Objective acceleration (OACCEL)

The selection of Oaccel [8] is done by computation_solver parameter, such as:

julia> model(:tune; 
        project_name = "project_1",
        model_name = "model_name",
        io = "io_name",
        computation_solver = "oaccel",
        computation_maximum_time = Dates.Minute(5),
        model_architecture = "fnn", 
    )

Particle swarm optimization (PSO)

The selection of PSO [9] is done by computation_solver parameter, such as:

julia> model(:tune; 
        project_name = "project_1",
        model_name = "model_name",
        io = "io_name",
        computation_solver = "pso",
        computation_maximum_time = Dates.Minute(5),
        model_architecture = "fnn", 
    )

References

[1] LeCun, Y. (1985). Une procedure d'apprentissage pour reseau a seuil asymetrique. Proceedings of Cognitiva 85, 599-604.

[2] Rumelhart, D. E., Hinton, G. E., & Williams, R. J. (1986). Learning representations by back-propagating errors. nature, 323(6088), 533-536.

[3] Blaud, P. C., Chevrel, P., Claveau, F., Haurant, P., & Mouraud, A. (2022). ResNet and PolyNet based identification and (MPC) control of dynamical systems: a promising way. IEEE Access.

[4] Kingma, D. P., & Ba, J. (2014). Adam: A method for stochastic optimization. International Conference on Learning Representations (ICLR), San Diego, CA, USA.

[5] Liu, L., Jiang, H., He, P., Chen, W., Liu, X., Gao, J., & Han, J. (2019). On the variance of the adaptive learning rate and beyond. International Conference on Learning Representations (ICLR), Addis Ababa, Ethiopia.
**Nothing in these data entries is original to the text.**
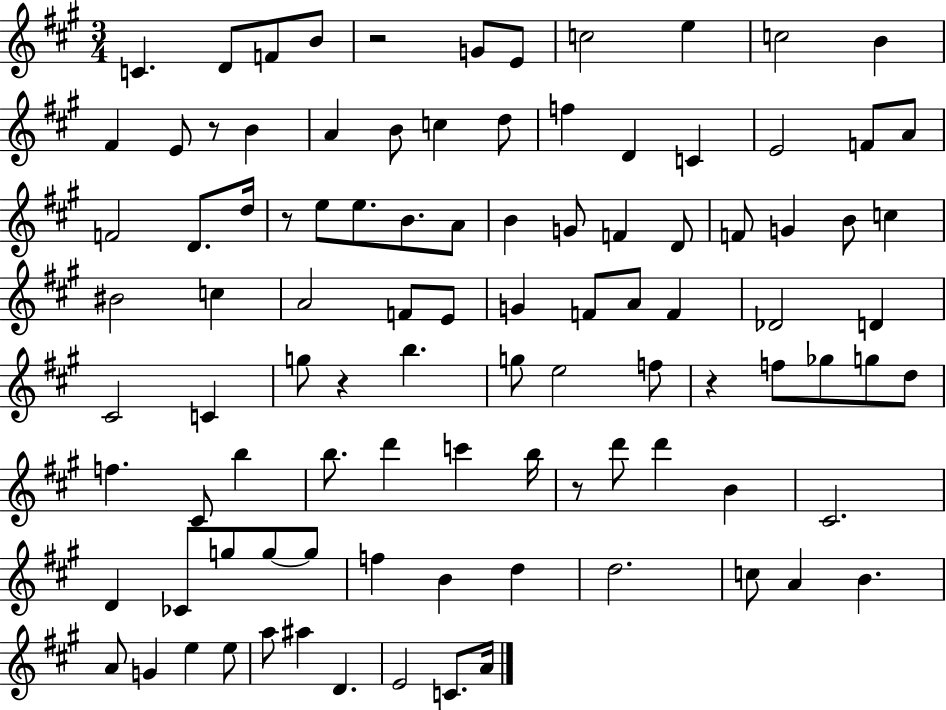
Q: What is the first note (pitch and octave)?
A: C4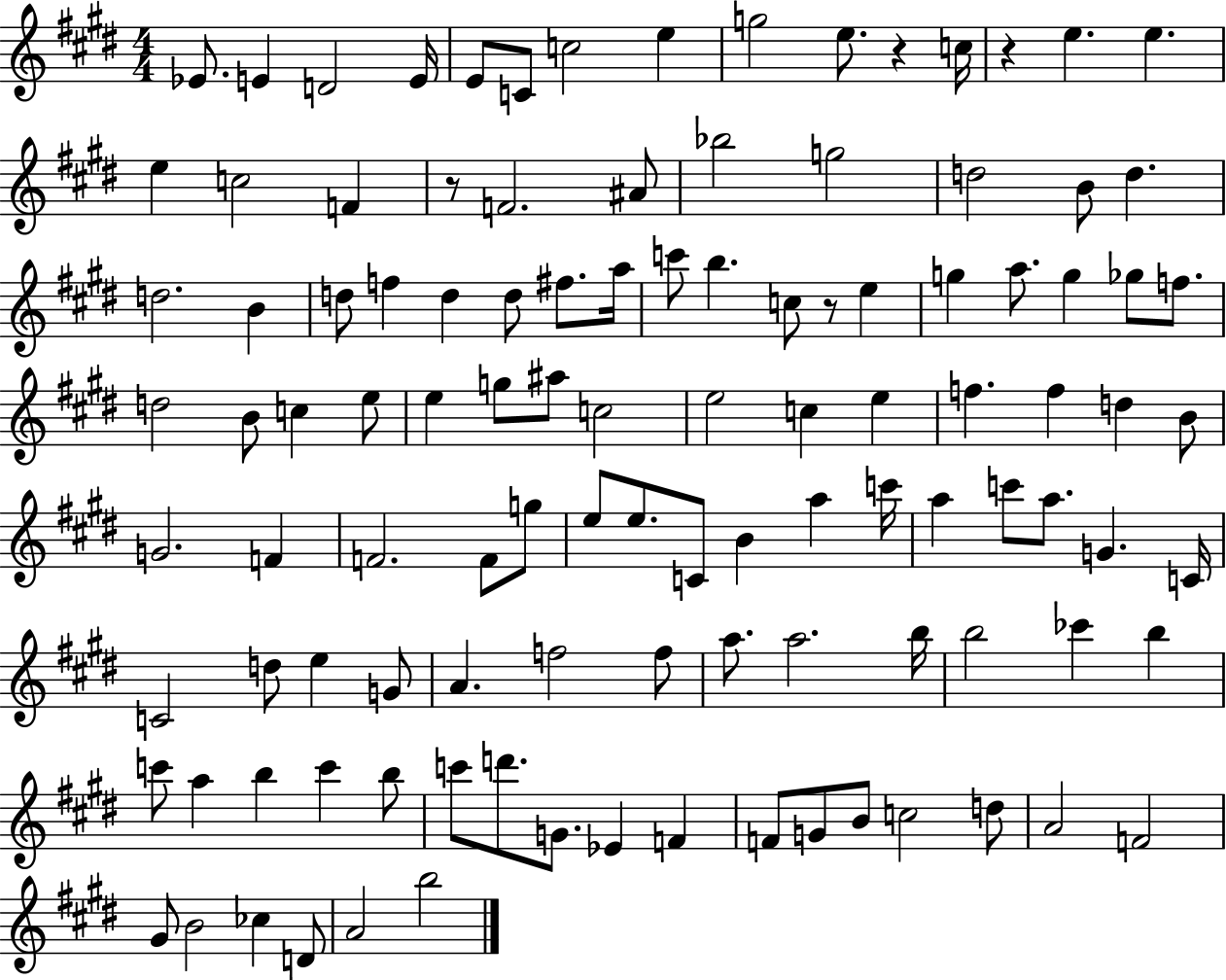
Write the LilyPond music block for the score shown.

{
  \clef treble
  \numericTimeSignature
  \time 4/4
  \key e \major
  \repeat volta 2 { ees'8. e'4 d'2 e'16 | e'8 c'8 c''2 e''4 | g''2 e''8. r4 c''16 | r4 e''4. e''4. | \break e''4 c''2 f'4 | r8 f'2. ais'8 | bes''2 g''2 | d''2 b'8 d''4. | \break d''2. b'4 | d''8 f''4 d''4 d''8 fis''8. a''16 | c'''8 b''4. c''8 r8 e''4 | g''4 a''8. g''4 ges''8 f''8. | \break d''2 b'8 c''4 e''8 | e''4 g''8 ais''8 c''2 | e''2 c''4 e''4 | f''4. f''4 d''4 b'8 | \break g'2. f'4 | f'2. f'8 g''8 | e''8 e''8. c'8 b'4 a''4 c'''16 | a''4 c'''8 a''8. g'4. c'16 | \break c'2 d''8 e''4 g'8 | a'4. f''2 f''8 | a''8. a''2. b''16 | b''2 ces'''4 b''4 | \break c'''8 a''4 b''4 c'''4 b''8 | c'''8 d'''8. g'8. ees'4 f'4 | f'8 g'8 b'8 c''2 d''8 | a'2 f'2 | \break gis'8 b'2 ces''4 d'8 | a'2 b''2 | } \bar "|."
}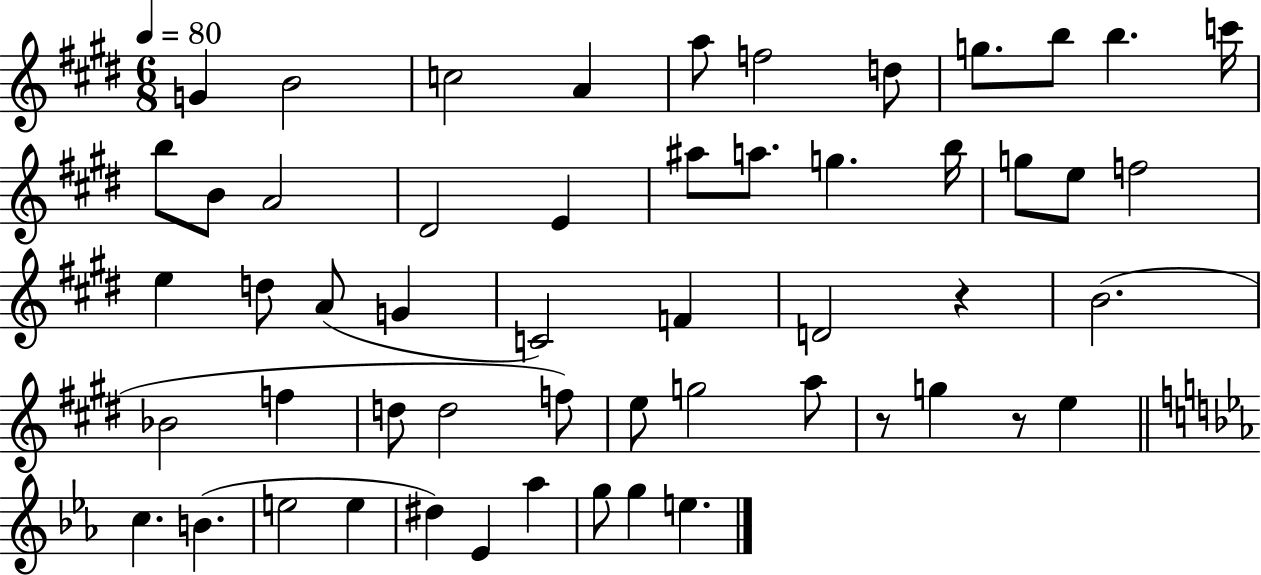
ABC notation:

X:1
T:Untitled
M:6/8
L:1/4
K:E
G B2 c2 A a/2 f2 d/2 g/2 b/2 b c'/4 b/2 B/2 A2 ^D2 E ^a/2 a/2 g b/4 g/2 e/2 f2 e d/2 A/2 G C2 F D2 z B2 _B2 f d/2 d2 f/2 e/2 g2 a/2 z/2 g z/2 e c B e2 e ^d _E _a g/2 g e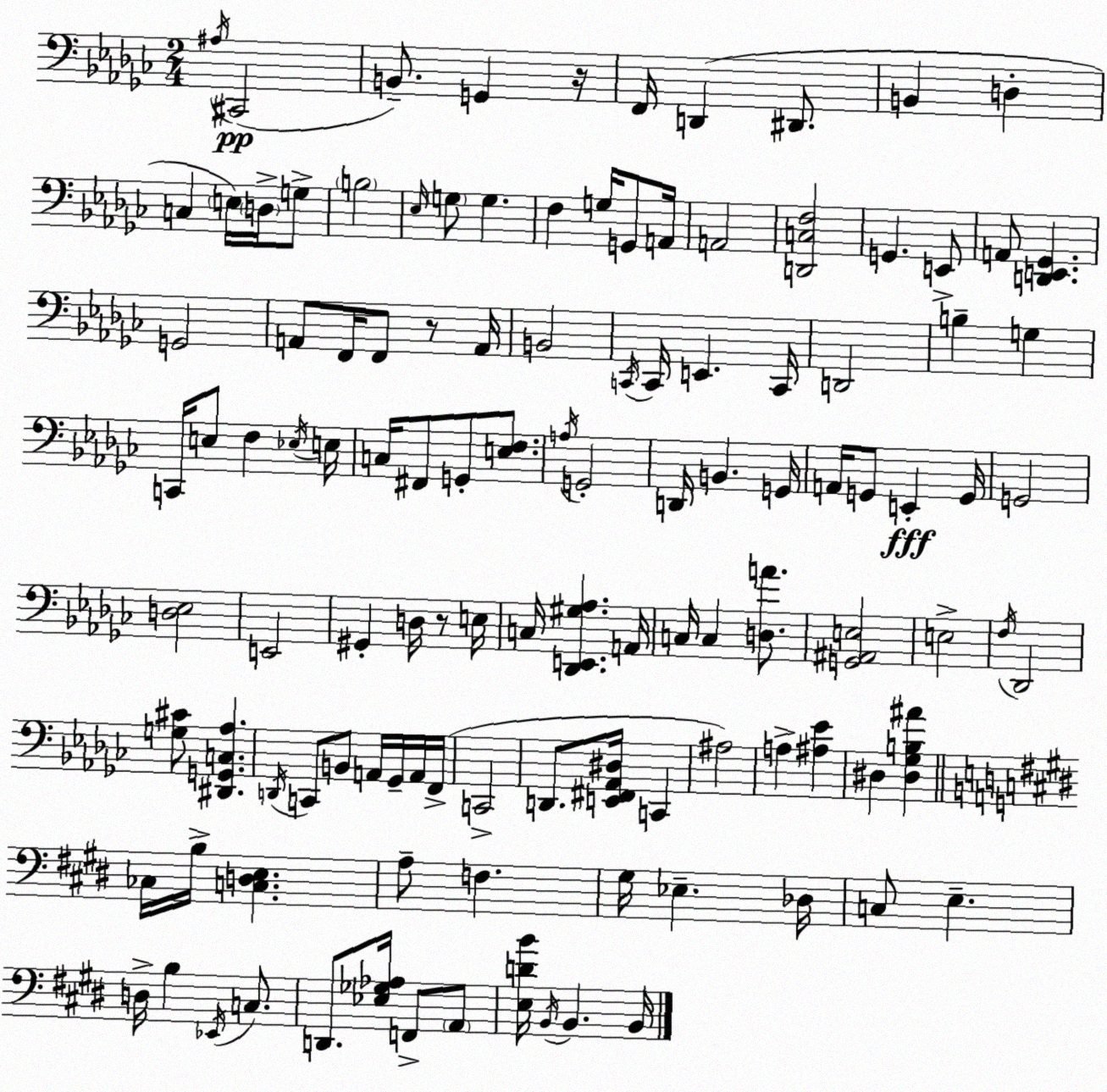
X:1
T:Untitled
M:2/4
L:1/4
K:Ebm
^A,/4 ^C,,2 B,,/2 G,, z/4 F,,/4 D,, ^D,,/2 B,, D, C, E,/4 D,/4 G,/2 B,2 _E,/4 G,/2 G, F, G,/4 G,,/2 A,,/4 A,,2 [D,,C,F,]2 G,, E,,/2 A,,/2 [D,,E,,_G,,] G,,2 A,,/2 F,,/4 F,,/2 z/2 A,,/4 B,,2 C,,/4 C,,/4 E,, C,,/4 D,,2 B, G, C,,/4 E,/2 F, _E,/4 E,/4 C,/4 ^F,,/2 G,,/2 [E,F,]/2 A,/4 G,,2 D,,/4 B,, G,,/4 A,,/4 G,,/2 E,, G,,/4 G,,2 [D,_E,]2 E,,2 ^G,, D,/4 z/2 E,/4 C,/4 [_D,,E,,^G,_A,] A,,/4 C,/4 C, [D,A]/2 [G,,^A,,E,]2 E,2 F,/4 _D,,2 [G,^C]/2 [^D,,G,,C,_A,] D,,/4 C,,/2 B,,/2 A,,/4 _G,,/4 A,,/4 F,,/4 C,,2 D,,/2 [E,,^F,,_A,,^D,]/4 C,, ^A,2 A, [^A,_E] ^D, [^D,_G,B,^A] _C,/4 B,/4 [C,D,E,] A,/2 F, ^G,/4 _E, _D,/4 C,/2 E, D,/4 B, _E,,/4 C,/2 D,,/2 [_E,_G,_A,]/4 F,,/2 A,,/2 [E,DB]/4 B,,/4 B,, B,,/4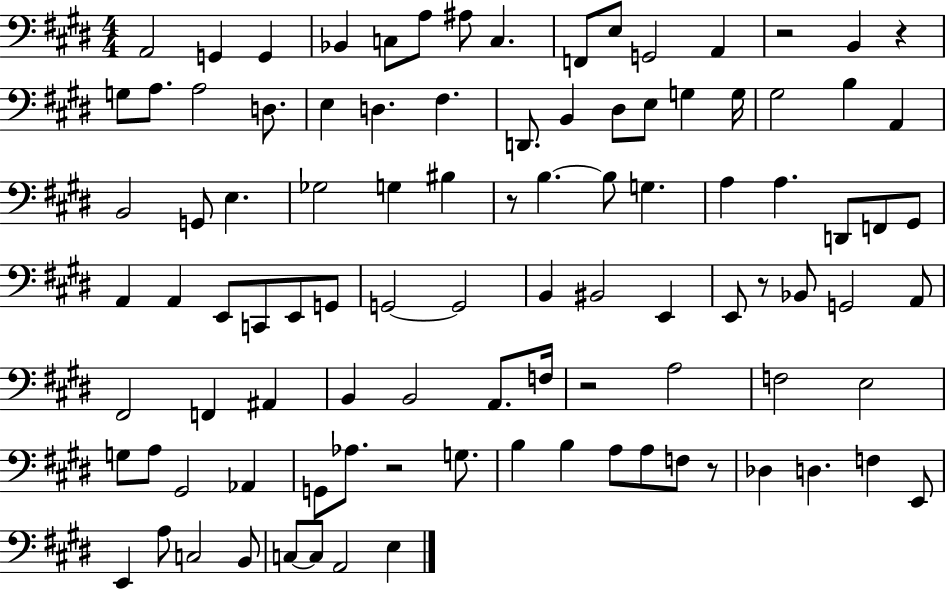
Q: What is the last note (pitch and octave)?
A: E3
[6] Dozat, T. (2016). Incorporating nesterov momentum into adam.

[7] Daskalakis, C., Ilyas, A., Syrgkanis, V., & Zeng, H. (2017). Training gans with optimism. International Conference on Learning Representations (ICLR), Vancouver, BC, Canada.

[8] Riseth, A. N. (2019). Objective acceleration for unconstrained optimization. Numerical Linear Algebra with Applications, 26(1).

[9] Bonyadi, M. R., & Michalewicz, Z. (2017). Particle swarm optimization for single objective continuous space problems: a review. Evolutionary computation, 25(1), 1-54.

[10] Liu, D. C., & Nocedal, J. (1989). On the limited memory BFGS method for large scale optimization. Mathematical programming, 45(1), 503-528.